- Nickname: Eva
- Born: 6 April 2004 (age 22) Nanchong, Sichuan, China

Gymnastics career
- Discipline: Rhythmic gymnastics
- Country represented: China; (2019-);
- Club: Sichuan Province
- Head coaches: Kang Qi, Yan Yunwen
- Medal record
Representing China
Rhythmic Gymnastics
Asian Games
| Bronze medal – third place | 2022 Hangzhou | Team |
Asian Championships
| Bronze medal – third place | 2023 Manila | Team |

= Zhao Yue (gymnast) =

Chinese rhythmic gymnast

Zhao Yue (赵樾, born 6 April 2004) is a Chinese rhythmic gymnast. She won team bronze at the Asian Championships in 2023.

== Personal life ==
She took up the sport at age 7 after being scouted by coach Hu Lingli. She's studying at the Beijing Sport University.

== Career ==
In 2019 she was selected for the junior World Championships in Moscow, being 13th with rope, 28th with ball, 20th with clubs and 13th with ribbon.

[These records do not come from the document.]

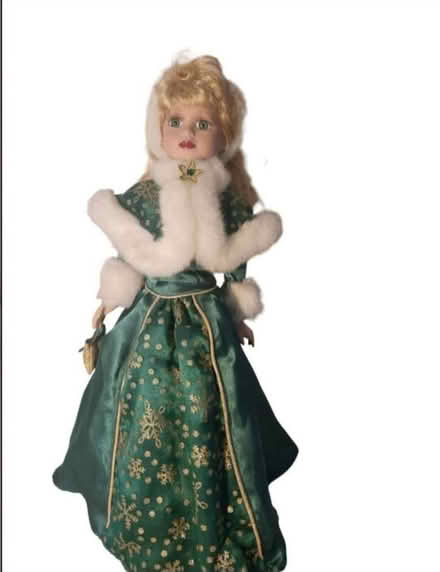 Photo of free Avon Porcelain Doll (Gwynn Oak MD) #1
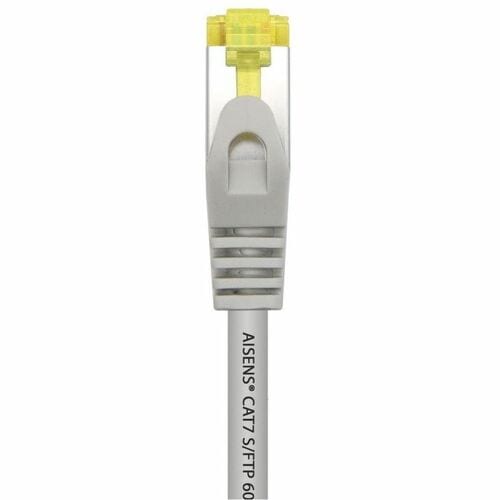 CABLE RED HEADLINE RJ45 LSZH CAT.7 600 MHZ S/FTP AWG26 GREY 3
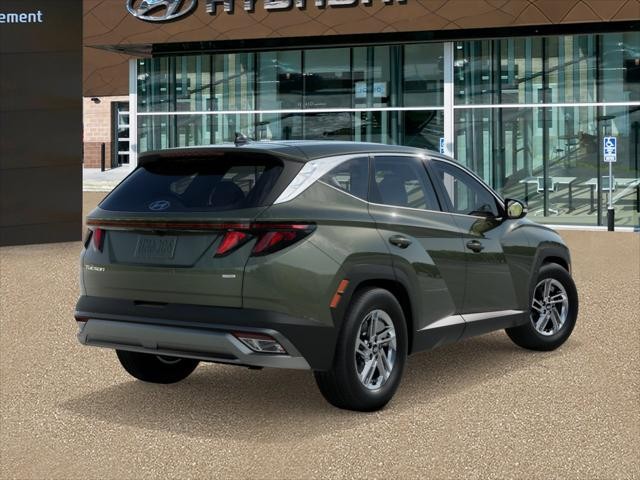 Hyundai Tucson Vehicle Full-screen Gallery Image 4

Two years later competed at the senior edition, ending 19th in the All-Around, 14th with hoop, 23rd with ball, 25th with clubs and 22nd with ribbon.

In 2022 she was 5th with ball at the Asian Championships. At the World Championships she took 40th place in the All-Around, 32nd with hoop, 15th with the ball and 54th with ribbon.

At the 2023 Asian Championships she won bronze in the team event. She is set to compete at the Asian Games.